Regulations are being introduced concerning required use of the absorption technology and permitted VOC emission levels. Based on the available technology, the Norwegian Pollution Control Authority (SFT) proposes a 78% rate of recovery. When the regulations were first issued last year, they were, however, contested by the four affected oil companies on the grounds that they were too strict.
The SFT has now recommended to the environment ministry that the timetable for achieving full use of the technology should be eased. A number of stages are proposed - that the absorption technology should be used for 40% of loadings by March 2003, 70% by end 2004 and 95% by end 2005. Regularity for the equipment is set at 95%. A final ruling from the ministry is expected in the autumn. With a delivery period of some 15 months for the recovery plants, operators will have to place further orders in coming months if they are to meet the SFT targets.
At one point a voluntary agreement was being negotiated with the environment ministry by the oil companies in the VOC/OLF project - in return for favorable tax treatment, the companies would have undertaken to limit emissions to an agreed level using the recovery technology. However, the agreement, which should have been finalized two years ago, in the end failed. Several of the companies were unwilling to accept the terms proposed by the government.
In the first stage of the recovery and absorption process developed by KPS, VOC emissions in the ship's cargo tanks are collected by a manifold system, passed through a de-mister, and condensed. The lighter compounds - methane, ethane, inert gases - are not susceptible to condensation and are vented. Once condensed, the heavier non-methane elements are passed into an absorption column where they are absorbed into a stream of crude and returned to the cargo tank.

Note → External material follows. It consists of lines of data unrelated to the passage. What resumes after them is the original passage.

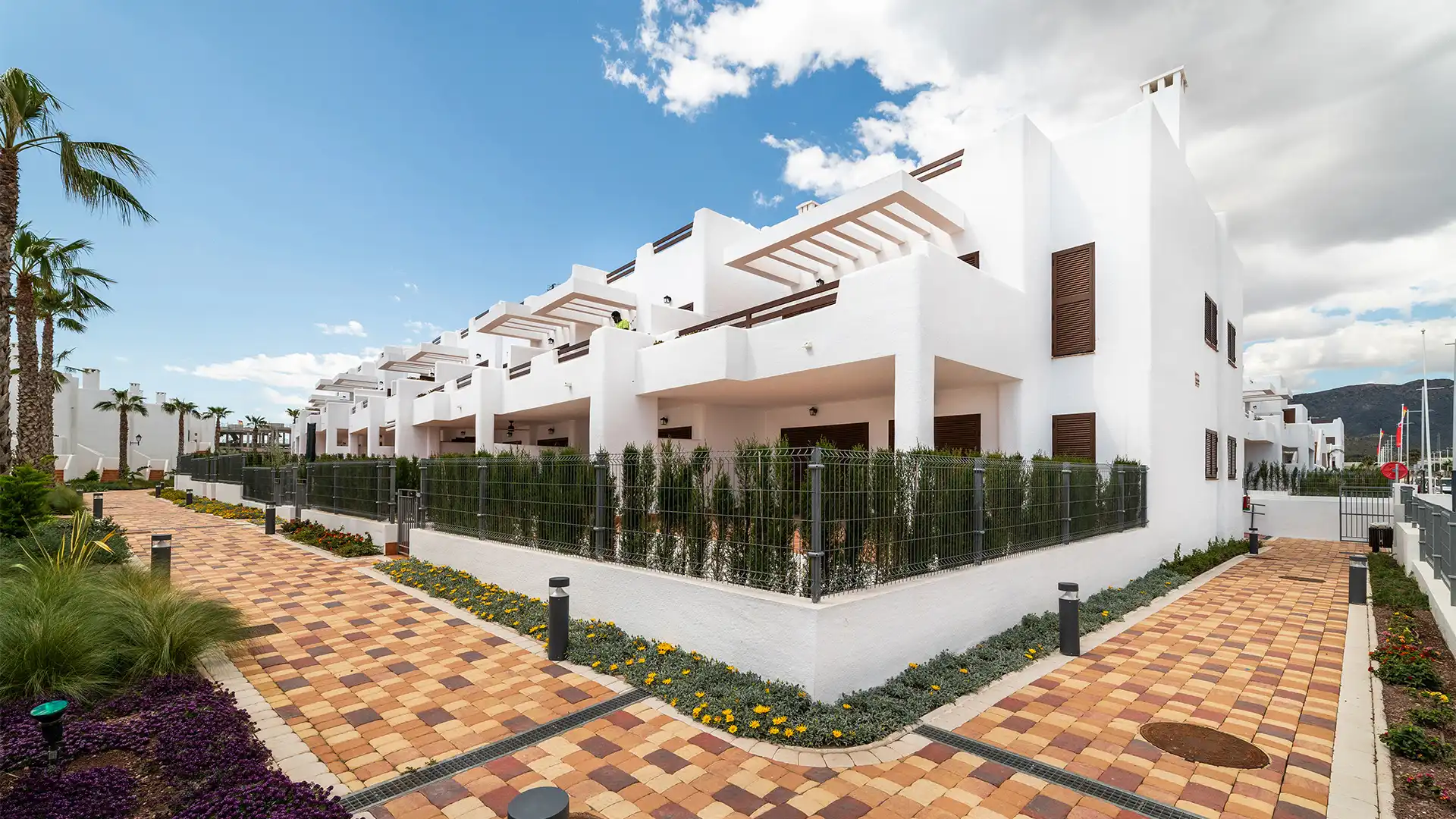 Home for sale in San Juan de los Terreros, imagen 4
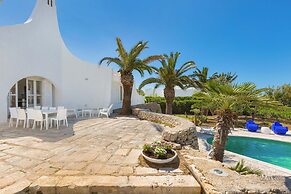 2374 Villa Costa Merlata by Perle di Puglia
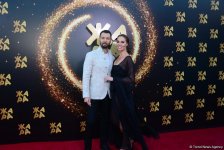 Красная дорожка фестиваля "ЖАРА 2019" в Баку: Звезды "нулевых" лет, или Вперед в прошлое (ФОТО, ВИДЕО)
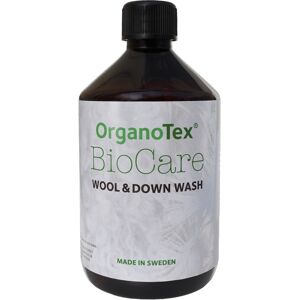 Organo Tex Biocare Wool & Down Nc 500ml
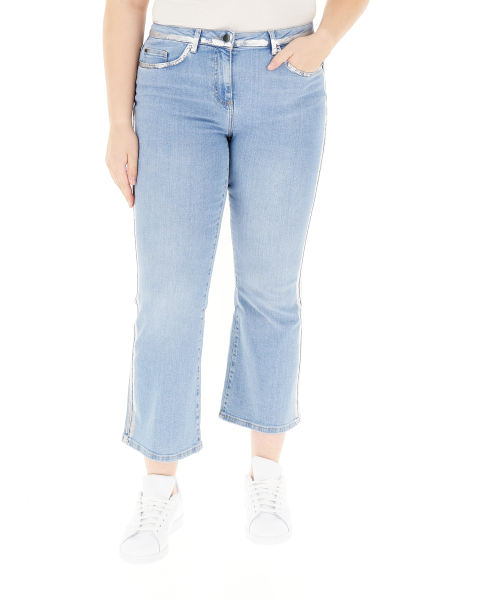 Jeans Bootcut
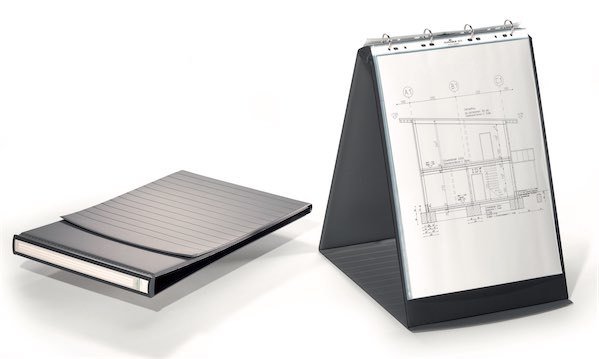 DURABLE SUNUM D. DURASTAR MASAÜSTÜ A3 DİKEY 8568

A pilot plant was installed on the Anna Knutsen shuttle tanker in 1998. Including the absorber column, the unit weighs about 130 tons, which is not a significant additional weight for such a ship. The plants now ordered by Statoil and Navion will be a little heavier, with the same capacity. However, as a result of the trials, some design modifications have been made, with the operational pressure somewhat reduced and the dimensions of the knock-out drum somewhat altered, according to Holla.
Under an exclusive licensing agreement signed with KPS, Hitec-Vision has responsibility for selling the recovery plants. It has a fabrication facility suitable for constructing the equipment, and will also provide an engineering and installation service. KPS will supply the process and main equipment design, enabling it to continue developing the technology.
HitecVision Marine has developed a system for the return of VOC gases from a shuttle tanker to a floating production, storage, and offloading (FPSO) vessel. The system is installed on the Loch Rannoch shuttle tanker, which is exporting oil from BP's Schiehallion FPSO in the UK sector.
In parallel with the absorption project, Statoil has also been working on technology to capture VOCs and use them as ship's fuel. This technology requires a VOC fuel plant, the main contractor for which is Hamworthy KSE, and modification of the ship's engine for dual fuel use, for which MAN B&W Diesel is responsible.
Successful trials have been performed by Statoil and MAN on a prototype engine in Copenhagen, and the development has won several prizes. Demonstration of the technology is still ongoing through operation of a pilot plant, which was installed on the Navion Viking shuttle tanker in summer 1999.
Tests so far have indicated that further engine modifications are required, Holla says. One of the attractions of this technology is that it offers savings on fuel costs. Sufficient VOCs could potentially be recovered to fuel a tanker's journey to the Mongstad refinery on Norway's west coast or to Rotterdam.